As Director of Climate Storytelling Programs at Good Energy, Petrosova has helped major studios and shows integrate nuanced climate narratives into mainstream entertainment, working across projects that range from independent films to large-scale productions.
Her project We Are Our Mountains, an artist book and installation on genocide and ecocide in Nagorno-Karabakh, has been featured in outlets including Frieze Magazine. Her practice centers Armenian histories, environmental change, and the emotional experience of place, with a focus on how inherited grief and resilience live in the body and the landscape.
Gaia Alari is an Italian visual artist, award-winning illustrator, and animation filmmaker known for her emotionally charged, hand-drawn, frame-by-frame animation. Trained in medicine before pursuing art full time, she is a self-taught illustrator whose work has been exhibited with galleries across Europe and featured by institutions and outlets including MoMA, The New York Times, Centre Pompidou, and Rolling Stone. Alari regularly collaborates with major international music labels—among them Warner, Atlantic Records, Sub Pop, Nonesuch, SaddleCreek, Full Time Hobby, Sacred Bones, and Jagjaguwar—and has contributed to award-winning projects such as a Coldplay lyric video honored at the UK Music Video Awards.

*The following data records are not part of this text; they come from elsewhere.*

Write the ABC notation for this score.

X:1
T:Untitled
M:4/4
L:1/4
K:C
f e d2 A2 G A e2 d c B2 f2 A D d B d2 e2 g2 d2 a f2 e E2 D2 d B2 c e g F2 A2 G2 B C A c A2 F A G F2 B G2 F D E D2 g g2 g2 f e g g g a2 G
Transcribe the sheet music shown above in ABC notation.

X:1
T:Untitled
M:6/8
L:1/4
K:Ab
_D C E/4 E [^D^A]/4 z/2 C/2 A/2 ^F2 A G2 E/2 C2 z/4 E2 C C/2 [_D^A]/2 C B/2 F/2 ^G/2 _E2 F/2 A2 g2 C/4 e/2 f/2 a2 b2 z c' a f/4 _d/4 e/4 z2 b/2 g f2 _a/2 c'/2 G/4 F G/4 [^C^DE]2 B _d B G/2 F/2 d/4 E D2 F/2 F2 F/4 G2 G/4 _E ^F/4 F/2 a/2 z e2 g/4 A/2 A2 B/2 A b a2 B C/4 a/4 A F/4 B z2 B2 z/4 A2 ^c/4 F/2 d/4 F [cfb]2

Her animations, often created as a one‑woman team, are celebrated for their textured, psychologically rich depictions of the human body and inner life, using charcoal and oil pastels on paper to explore transformation, memory, and ambivalent emotion. As co-director and lead animator of Something Yellow, Alari brings this singular visual language to a story of solastalgia, translating complex emotional states into living, evolving images.

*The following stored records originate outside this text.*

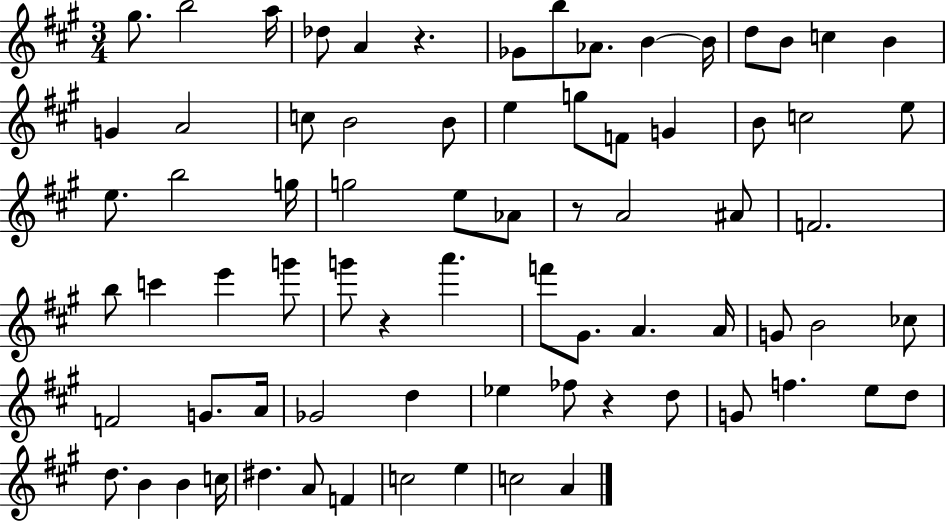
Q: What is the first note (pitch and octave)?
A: G#5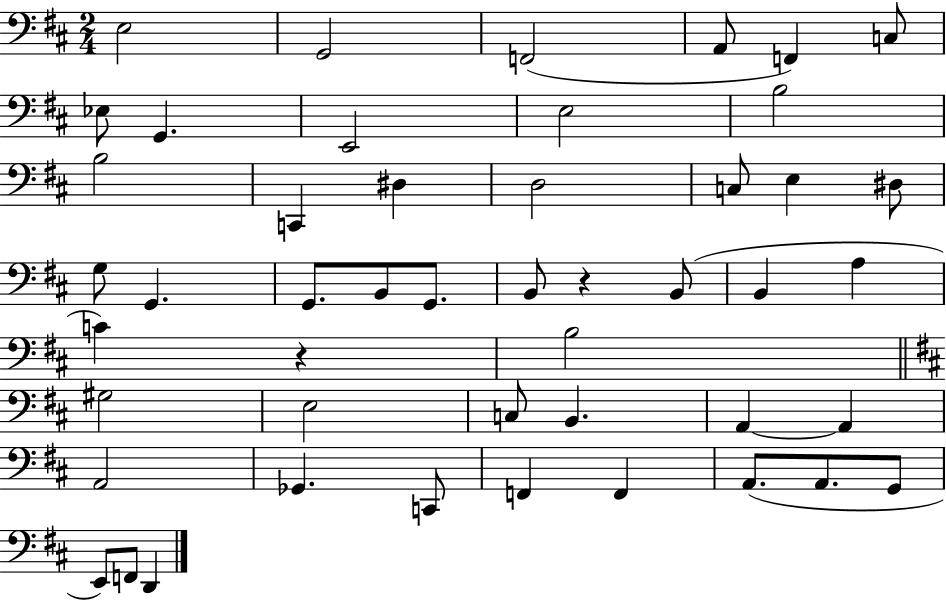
{
  \clef bass
  \numericTimeSignature
  \time 2/4
  \key d \major
  e2 | g,2 | f,2( | a,8 f,4) c8 | \break ees8 g,4. | e,2 | e2 | b2 | \break b2 | c,4 dis4 | d2 | c8 e4 dis8 | \break g8 g,4. | g,8. b,8 g,8. | b,8 r4 b,8( | b,4 a4 | \break c'4) r4 | b2 | \bar "||" \break \key b \minor gis2 | e2 | c8 b,4. | a,4~~ a,4 | \break a,2 | ges,4. c,8 | f,4 f,4 | a,8.( a,8. g,8 | \break e,8) f,8 d,4 | \bar "|."
}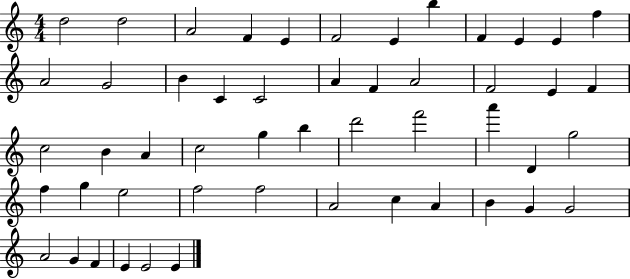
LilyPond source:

Caitlin Nasema Cassidy is an award-winning actor, director, and producer based in New York City, making experimental performance that is physical, collaborative, and poetic. Named a Leading Climate Creative by Grist, her practice is rooted in joy, embodied research, and (com)post-activism, often working at the intersection of climate crisis, more‑than‑human worlds, and SWANA (South West Asian and North African) narratives.

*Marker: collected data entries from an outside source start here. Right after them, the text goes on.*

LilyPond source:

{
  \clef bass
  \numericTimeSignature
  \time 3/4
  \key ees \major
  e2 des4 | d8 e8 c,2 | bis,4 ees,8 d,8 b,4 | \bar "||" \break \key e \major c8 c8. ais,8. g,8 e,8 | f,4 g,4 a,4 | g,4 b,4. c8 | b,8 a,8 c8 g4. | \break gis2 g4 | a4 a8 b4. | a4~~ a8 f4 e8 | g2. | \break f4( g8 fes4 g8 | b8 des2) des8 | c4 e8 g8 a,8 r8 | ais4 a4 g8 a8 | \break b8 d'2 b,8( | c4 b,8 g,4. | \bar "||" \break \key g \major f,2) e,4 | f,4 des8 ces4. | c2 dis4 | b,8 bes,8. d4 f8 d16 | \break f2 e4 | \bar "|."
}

Her performance work includes New York Times Critic’s Picks The Vagrant Trilogy at The Public Theater and Pay No Attention to the Girl with Target Margin Theater, as well as the world premiere of Paradise at Central Square Theater, for which she received the Elliot Norton Award for Outstanding Actress. Cassidy is Co‑Artistic Director of LubDub Theatre Company and currently Artist‑in‑Residence at Georgetown University’s Earth Commons Institute for the Environment and Sustainability, where she develops climate-centered, community-engaged performance projects.